Have no idea about the weather. I think it can be mixed. Its the Alps so you could get all sorts.

Ill let you know if the country is still in one piece when Ive finished with it and if its still worth going.


----------



## rayrecrok (Nov 21, 2008)

Hi.

Try Interlaken you wont be disappointed, try this you wont be disappointed, and to sit in the campsite at Interlaken west next to the river between the two lakes and watch the boats going by, while there are Golden Eagles hovering on thermals between the mountains is magical.

take plenty of drinking vouchers though it's bloody expensive, we went out and had a burger, we could have had a three course meal over here for the same price.. We decided to eat in after that!.

Plenty of chocolate box scenery though.


----------



## Rapide561 (Oct 1, 2005)

*Switzerland*

Dave

There is an aire at Montreux - I think it has hook up.

Zermatt is worthy of a look to see the Matterhorn and the Gornergrat railway - expensive though.

We are returning to Italy on the 28th August (subject to dog, vans, domestic arguments etc) and are going via Besancon, Lake Geneva, Montreux and Zermatt.
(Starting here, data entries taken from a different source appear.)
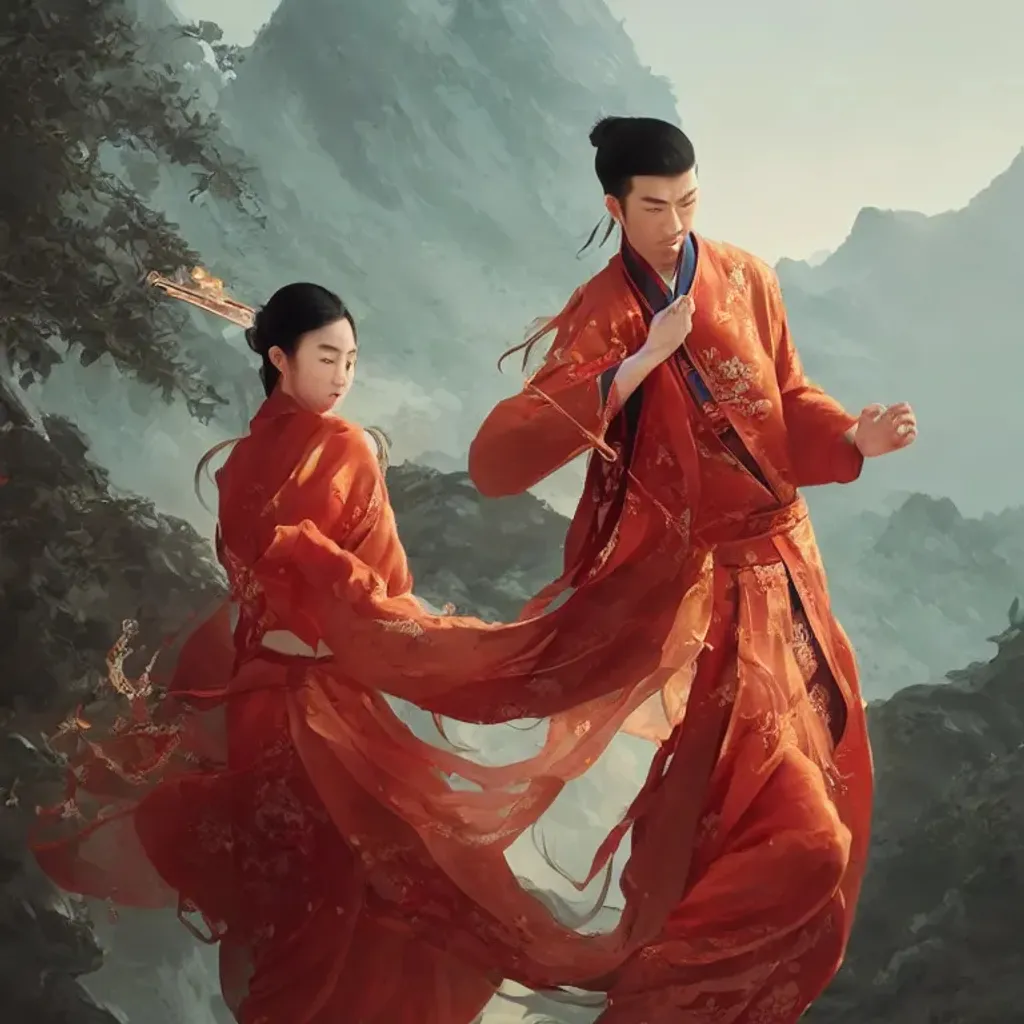 Prompt: a muscular handsome chinese monk with danfeng eyes, fair complexion, straight nose, thin lips, delicate eyebrows, elegant, wears heavenly hanfu, intricate detail, epic, cinematic, xianxia, wuxia, conrad roset, greg rutkowski, flume cover art, trending on artstation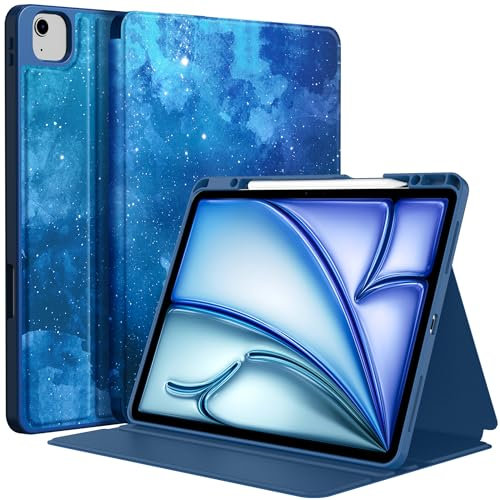 EasyAcc Hülle für iPad Air 13 Zoll M3 /M2 2025/2024, Dünn Folio Ständer Tablet Schutzhülle, Multi-Winkel Betrachtung - Blau Sterne
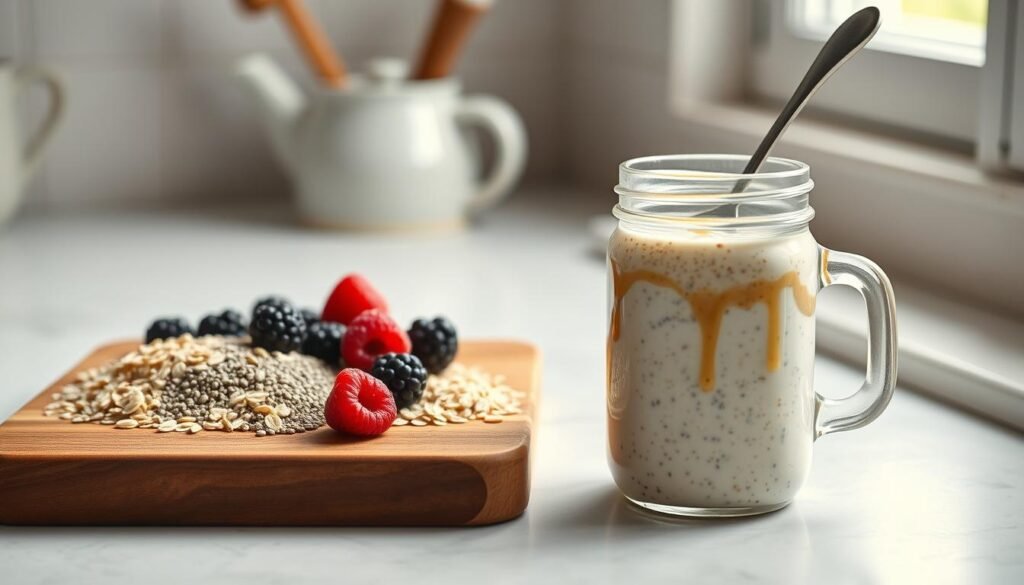 A tranquil kitchen scene showcasing the step-by-step preparation of overnight oats. On a wooden cutting board, oats, chia seeds, and fresh berries are neatly arranged. Next to it, a mason jar is filled with layers of oats, milk, and a drizzle of honey. A spoon rests atop, inviting the viewer to imagine the creamy, satisfying texture. Soft natural light filters through a nearby window, casting a warm glow on the scene. The overall atmosphere is one of simplicity, nourishment, and mindful food preparation.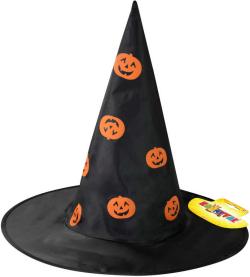 KARNEVAL Klobouk čarodějnický dýně černý (karnevalový doplněk)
Weather should be pretty good.

Russell


----------



## Rosbotham (May 4, 2008)

Another vote for Interlaken (though we prefer Camping Jungfrau up at Lauterbrunnen...expensive but a cracking site). Not stayed on it in decades, but seem to recall the lido site at Lucerne is nice as well.

Weather...well roll a dice. We've had good weather at that time of year. We've had constant rain for a week in Switzerland. Not in Switzerland, but in Austria we've had 6 feet of snow in early Sept...mercifully we weren't in the van, but it shattered the myth that other countries cope with snow better than us - it was early hence nobody had put their winter tyres on hence absolute chaos on a par with anything we get here.


----------